We met up with the bus tour a few stops later and enjoyed the ride while Abby slept. She really crashed hard, and was showing no signs of waking up even when we were ready to get off again. This led to me carrying her down the street towards the Vatican, a stop my mom didn’t want to miss. Abby stayed asleep in my arms at a cafe while they went ahead to look around.


What else am I supposed to do when she’s passed out on my lap?

By then it was almost 5pm. We were hungry, tired, and realizing we had a bit of a journey ahead. The bus tour only runs until about 6pm, so when we tried to board for a return trip to the train station, we were met with a large group of tourists with the same plans. No one wanted to make a nice, polite line, so you had to fend for yourself to actually get on one of the buses. My quick-thinking sister, who was carrying Abby at the time, reenacted the lifeboat scene from Titanic and began yelling “I have a child!” like Billy Zane.

This worked splendidly and we were all able to follow her on to the bus. Finally we made it to the train station, and unwisely purchased tickets for a train departing 20 minutes later. Because of course, immediately after the tickets printed Abby said she needed a bathroom break.

The next 20 minutes were hilarious. My mom and Abby went off in search of a bathroom while my sister and I stood in line to buy dinner for everyone. She bought us some sandwiches from a deli, and then while she waited in line at McDonalds (judge away) for my Mom and Abby, I was trying to figure out which platform we needed to be on. The cashier at McDonalds told Jamie they only had plain cheeseburgers, not hamburgers, and she looked at me to ask what to do since my Mom hates cheese. My watch told me we had 7 minutes left so I yelled “take the hamburgers!” We all met up and asked an employee for help finding out platform. When he pointed it out to us, he kind of shrugged and said you only have 5 minutes. I grabbed the food bags, told my sister to pick up Abby, and we started to run McCallister-family style hauling butt through this train station. With barely a minute to spare we made it and we laughed so hard on the way home about what close call we’d had.
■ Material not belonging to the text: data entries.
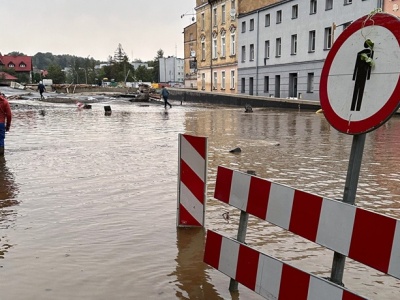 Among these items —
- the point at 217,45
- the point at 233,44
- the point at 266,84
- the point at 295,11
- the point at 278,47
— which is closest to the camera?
the point at 295,11

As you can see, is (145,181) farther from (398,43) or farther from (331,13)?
(331,13)

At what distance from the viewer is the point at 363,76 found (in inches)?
113

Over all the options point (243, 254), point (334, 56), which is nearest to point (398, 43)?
point (334, 56)

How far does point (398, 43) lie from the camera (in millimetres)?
2652

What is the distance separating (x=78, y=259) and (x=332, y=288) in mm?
2869

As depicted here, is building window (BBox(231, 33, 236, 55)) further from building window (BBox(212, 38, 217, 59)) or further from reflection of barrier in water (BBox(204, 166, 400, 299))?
reflection of barrier in water (BBox(204, 166, 400, 299))

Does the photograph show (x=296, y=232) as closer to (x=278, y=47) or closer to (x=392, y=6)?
(x=392, y=6)

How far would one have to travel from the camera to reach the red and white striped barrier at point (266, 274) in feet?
9.36

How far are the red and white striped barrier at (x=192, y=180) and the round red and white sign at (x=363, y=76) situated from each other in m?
2.41

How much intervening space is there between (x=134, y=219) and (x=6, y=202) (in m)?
2.30

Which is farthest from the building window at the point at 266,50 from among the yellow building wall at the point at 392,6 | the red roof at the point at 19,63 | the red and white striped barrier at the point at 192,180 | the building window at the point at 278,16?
the red roof at the point at 19,63

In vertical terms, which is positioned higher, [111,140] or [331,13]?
[331,13]

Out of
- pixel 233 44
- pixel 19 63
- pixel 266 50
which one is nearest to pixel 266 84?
pixel 266 50

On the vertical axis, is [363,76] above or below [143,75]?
below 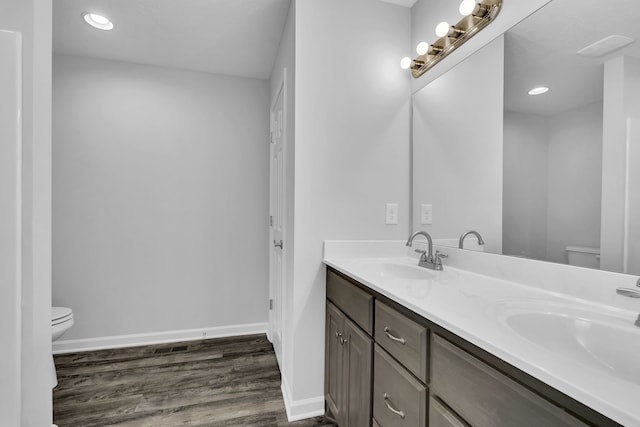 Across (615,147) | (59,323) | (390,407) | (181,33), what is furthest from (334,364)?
(181,33)


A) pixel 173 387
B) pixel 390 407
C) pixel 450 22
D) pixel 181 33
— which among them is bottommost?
pixel 173 387

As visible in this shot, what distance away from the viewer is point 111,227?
2518 mm

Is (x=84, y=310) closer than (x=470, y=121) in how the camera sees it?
No

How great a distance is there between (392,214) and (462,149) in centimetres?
54

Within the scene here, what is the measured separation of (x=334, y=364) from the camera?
1570 millimetres

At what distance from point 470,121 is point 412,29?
2.73 ft

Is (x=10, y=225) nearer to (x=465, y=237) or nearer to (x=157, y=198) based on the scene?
(x=157, y=198)

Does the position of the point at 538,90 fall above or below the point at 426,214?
above

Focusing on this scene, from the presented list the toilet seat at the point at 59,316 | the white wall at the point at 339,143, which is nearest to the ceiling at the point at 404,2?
the white wall at the point at 339,143

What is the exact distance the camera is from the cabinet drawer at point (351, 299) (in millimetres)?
1216

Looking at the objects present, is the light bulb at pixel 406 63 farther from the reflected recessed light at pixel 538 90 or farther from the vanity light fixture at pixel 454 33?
the reflected recessed light at pixel 538 90

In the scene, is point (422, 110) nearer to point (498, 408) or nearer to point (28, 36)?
point (498, 408)

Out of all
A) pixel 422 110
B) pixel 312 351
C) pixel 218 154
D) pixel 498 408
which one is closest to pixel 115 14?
pixel 218 154

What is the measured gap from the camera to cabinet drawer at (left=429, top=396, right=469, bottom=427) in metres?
0.74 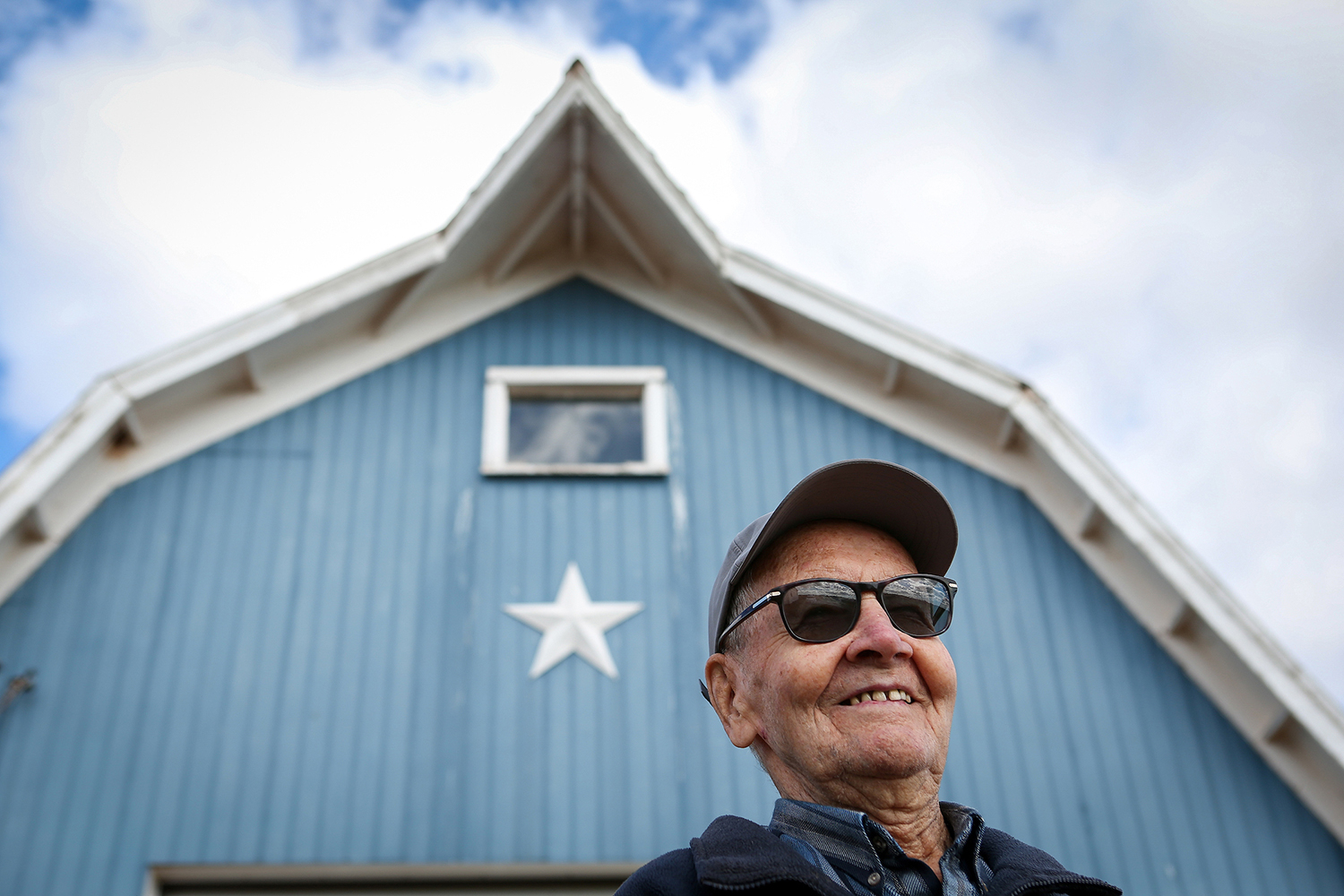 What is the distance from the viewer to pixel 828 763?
1936 mm

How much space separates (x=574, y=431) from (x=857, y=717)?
4.71 meters

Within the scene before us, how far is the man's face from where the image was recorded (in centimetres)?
192

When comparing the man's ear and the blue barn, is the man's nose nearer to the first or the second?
the man's ear

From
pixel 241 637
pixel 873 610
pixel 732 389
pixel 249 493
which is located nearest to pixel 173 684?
pixel 241 637

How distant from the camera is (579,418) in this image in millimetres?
6555

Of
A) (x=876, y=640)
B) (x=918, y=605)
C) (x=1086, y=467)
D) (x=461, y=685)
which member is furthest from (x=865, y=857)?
(x=1086, y=467)

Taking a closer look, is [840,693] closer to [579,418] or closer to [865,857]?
[865,857]

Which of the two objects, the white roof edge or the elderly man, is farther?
the white roof edge

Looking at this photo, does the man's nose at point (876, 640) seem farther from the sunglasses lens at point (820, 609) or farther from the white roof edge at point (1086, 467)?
the white roof edge at point (1086, 467)

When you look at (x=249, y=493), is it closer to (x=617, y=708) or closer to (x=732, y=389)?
(x=617, y=708)

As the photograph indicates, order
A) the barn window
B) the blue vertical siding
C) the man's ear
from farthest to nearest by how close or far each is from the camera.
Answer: the barn window < the blue vertical siding < the man's ear

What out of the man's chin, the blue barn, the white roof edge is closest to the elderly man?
the man's chin

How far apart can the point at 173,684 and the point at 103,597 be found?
0.69m

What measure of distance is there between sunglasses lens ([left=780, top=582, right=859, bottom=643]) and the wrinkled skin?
24 mm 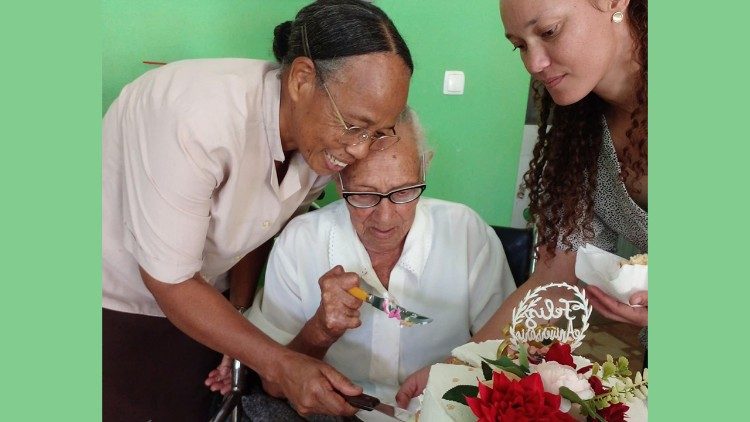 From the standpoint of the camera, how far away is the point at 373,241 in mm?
1088

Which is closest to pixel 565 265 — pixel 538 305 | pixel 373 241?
pixel 538 305

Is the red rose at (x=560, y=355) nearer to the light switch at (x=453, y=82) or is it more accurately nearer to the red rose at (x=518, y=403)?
the red rose at (x=518, y=403)

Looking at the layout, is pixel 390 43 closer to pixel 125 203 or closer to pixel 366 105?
pixel 366 105

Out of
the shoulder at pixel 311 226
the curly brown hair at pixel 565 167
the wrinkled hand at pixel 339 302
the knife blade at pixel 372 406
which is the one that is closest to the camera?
the curly brown hair at pixel 565 167

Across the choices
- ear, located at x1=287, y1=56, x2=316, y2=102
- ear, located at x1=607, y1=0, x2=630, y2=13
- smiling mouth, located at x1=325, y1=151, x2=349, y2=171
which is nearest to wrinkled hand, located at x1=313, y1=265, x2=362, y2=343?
smiling mouth, located at x1=325, y1=151, x2=349, y2=171

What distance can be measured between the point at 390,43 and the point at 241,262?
0.61 m

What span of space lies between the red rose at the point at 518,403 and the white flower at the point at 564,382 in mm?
25

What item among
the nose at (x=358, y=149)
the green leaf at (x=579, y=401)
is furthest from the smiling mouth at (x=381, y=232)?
the green leaf at (x=579, y=401)

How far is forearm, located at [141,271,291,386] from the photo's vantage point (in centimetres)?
91

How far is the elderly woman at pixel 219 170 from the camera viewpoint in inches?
32.4

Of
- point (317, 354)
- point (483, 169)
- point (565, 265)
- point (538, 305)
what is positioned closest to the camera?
point (538, 305)

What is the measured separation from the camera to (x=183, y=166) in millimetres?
817

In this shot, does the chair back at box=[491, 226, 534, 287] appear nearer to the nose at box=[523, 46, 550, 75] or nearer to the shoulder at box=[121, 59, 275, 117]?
the nose at box=[523, 46, 550, 75]

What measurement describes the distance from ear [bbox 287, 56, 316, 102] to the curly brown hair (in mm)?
368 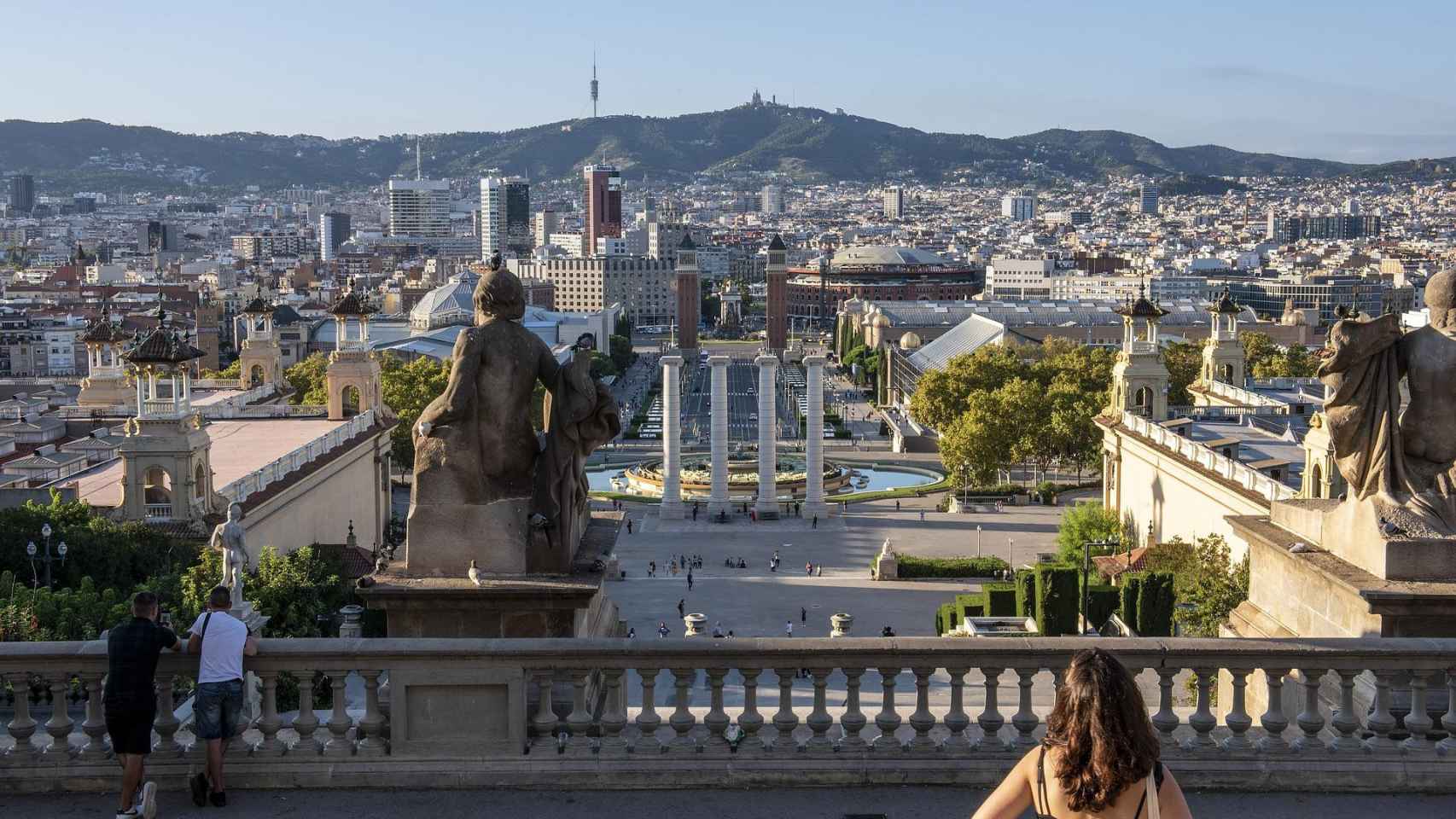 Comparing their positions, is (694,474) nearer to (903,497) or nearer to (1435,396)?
(903,497)

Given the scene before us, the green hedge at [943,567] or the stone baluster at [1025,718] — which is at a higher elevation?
the stone baluster at [1025,718]

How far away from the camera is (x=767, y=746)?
30.2 feet

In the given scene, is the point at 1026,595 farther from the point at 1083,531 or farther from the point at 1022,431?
the point at 1022,431

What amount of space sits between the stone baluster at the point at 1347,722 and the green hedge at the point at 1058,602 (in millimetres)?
28171

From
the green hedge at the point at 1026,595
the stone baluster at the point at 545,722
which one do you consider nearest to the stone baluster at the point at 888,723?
the stone baluster at the point at 545,722

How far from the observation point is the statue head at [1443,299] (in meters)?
10.2

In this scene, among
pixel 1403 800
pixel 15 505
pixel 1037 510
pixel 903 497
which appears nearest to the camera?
pixel 1403 800

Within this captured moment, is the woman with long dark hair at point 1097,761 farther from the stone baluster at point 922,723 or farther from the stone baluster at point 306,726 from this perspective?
the stone baluster at point 306,726

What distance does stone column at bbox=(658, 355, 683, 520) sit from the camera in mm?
67188

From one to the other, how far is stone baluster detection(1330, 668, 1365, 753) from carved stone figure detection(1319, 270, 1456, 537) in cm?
120

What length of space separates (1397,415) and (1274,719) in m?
2.27

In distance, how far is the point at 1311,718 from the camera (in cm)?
911

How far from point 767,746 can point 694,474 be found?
2781 inches

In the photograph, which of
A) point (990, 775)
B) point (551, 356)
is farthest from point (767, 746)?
point (551, 356) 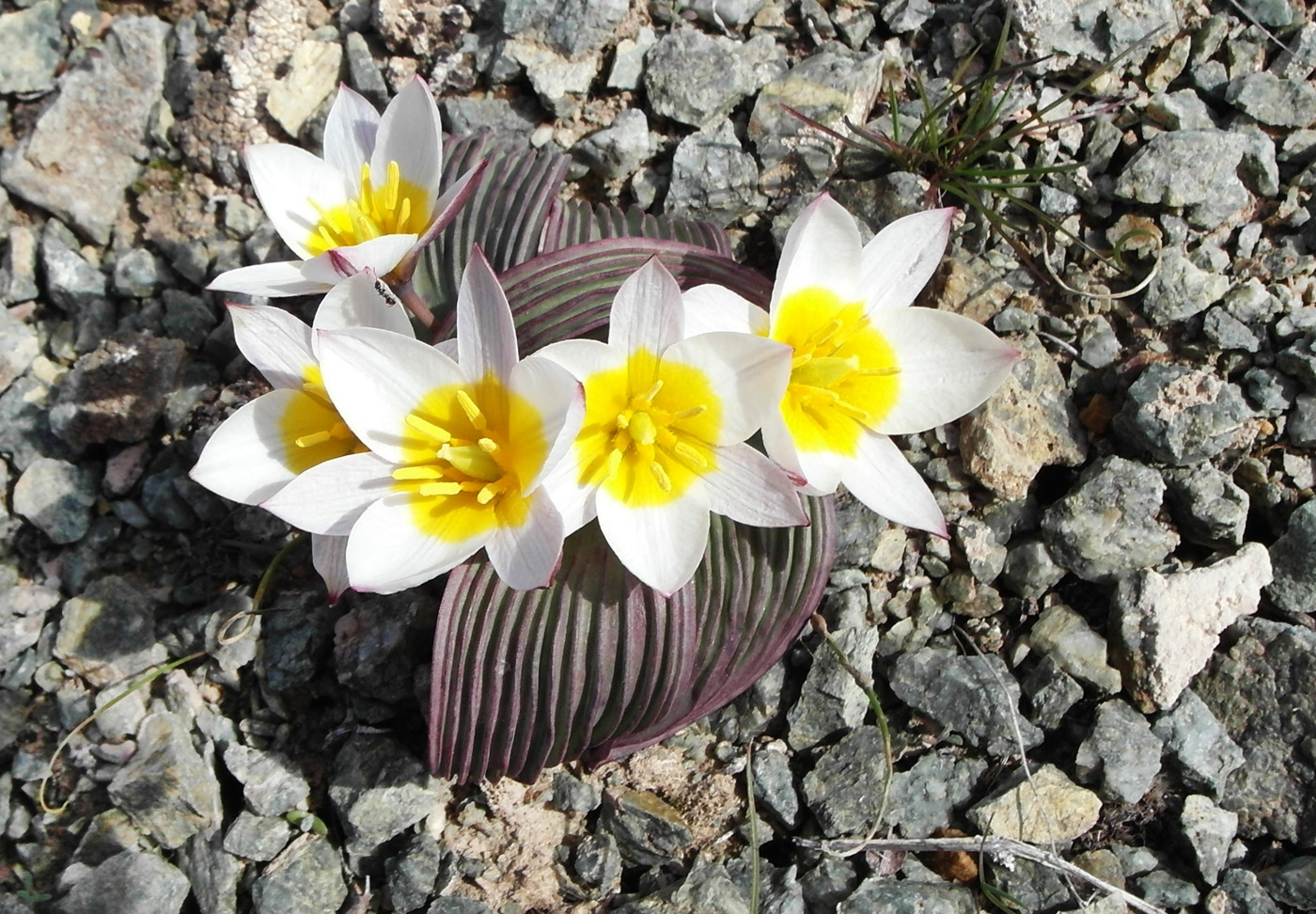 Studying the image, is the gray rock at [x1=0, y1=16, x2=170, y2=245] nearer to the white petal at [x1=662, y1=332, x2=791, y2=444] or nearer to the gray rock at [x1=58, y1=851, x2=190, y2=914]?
the gray rock at [x1=58, y1=851, x2=190, y2=914]

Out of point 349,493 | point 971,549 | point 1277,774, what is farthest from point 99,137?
point 1277,774

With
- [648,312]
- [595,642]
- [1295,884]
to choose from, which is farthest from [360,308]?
[1295,884]

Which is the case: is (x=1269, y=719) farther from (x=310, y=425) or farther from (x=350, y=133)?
(x=350, y=133)

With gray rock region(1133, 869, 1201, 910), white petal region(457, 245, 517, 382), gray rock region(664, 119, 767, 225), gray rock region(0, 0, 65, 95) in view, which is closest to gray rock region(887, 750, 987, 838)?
gray rock region(1133, 869, 1201, 910)

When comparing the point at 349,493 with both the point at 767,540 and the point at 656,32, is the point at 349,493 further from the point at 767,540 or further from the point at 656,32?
the point at 656,32

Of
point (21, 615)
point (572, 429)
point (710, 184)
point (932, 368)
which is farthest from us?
point (710, 184)

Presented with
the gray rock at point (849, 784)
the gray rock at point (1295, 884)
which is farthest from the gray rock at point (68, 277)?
the gray rock at point (1295, 884) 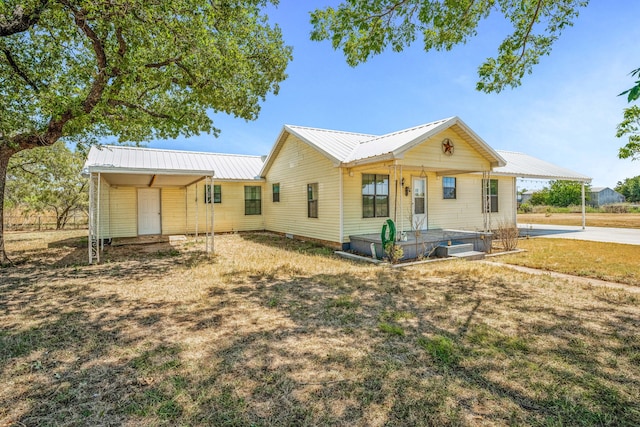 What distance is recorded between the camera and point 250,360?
341 centimetres

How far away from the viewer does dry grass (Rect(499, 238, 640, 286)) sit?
7223mm

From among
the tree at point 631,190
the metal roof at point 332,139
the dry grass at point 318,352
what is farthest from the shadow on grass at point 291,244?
the tree at point 631,190

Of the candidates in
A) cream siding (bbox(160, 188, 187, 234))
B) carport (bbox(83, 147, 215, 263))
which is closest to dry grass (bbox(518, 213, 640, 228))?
carport (bbox(83, 147, 215, 263))

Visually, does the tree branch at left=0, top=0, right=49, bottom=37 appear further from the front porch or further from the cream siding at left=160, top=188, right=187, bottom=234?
the front porch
Of course the comedy wasn’t over because we still had to drive home, and we truly could not make our way out of the train station area in Florence. Every other road is restricted from use, or one way, so we just zig-zagged back and forth, up and down these tiny streets making zero progress. At one point we turned a corner and we were staring at the Duomo. While beautiful at night, there was no doubt we were not supposed to be there. I have to give credit to my Mom because she stayed completely relaxed the whole time, convinced it would work out fine, while my sister and I were getting more and more frustrated. As she expected, we eventually figured it out and we made it back to the villa just fine. While this whole trip was memorable, a highlight will be spending a day in Rome with them.


Super sure we were NOT supposed to be driving there. Also realizing me posting this blog might make it harder for my Mom to deny any involvement when the traffic citations show up!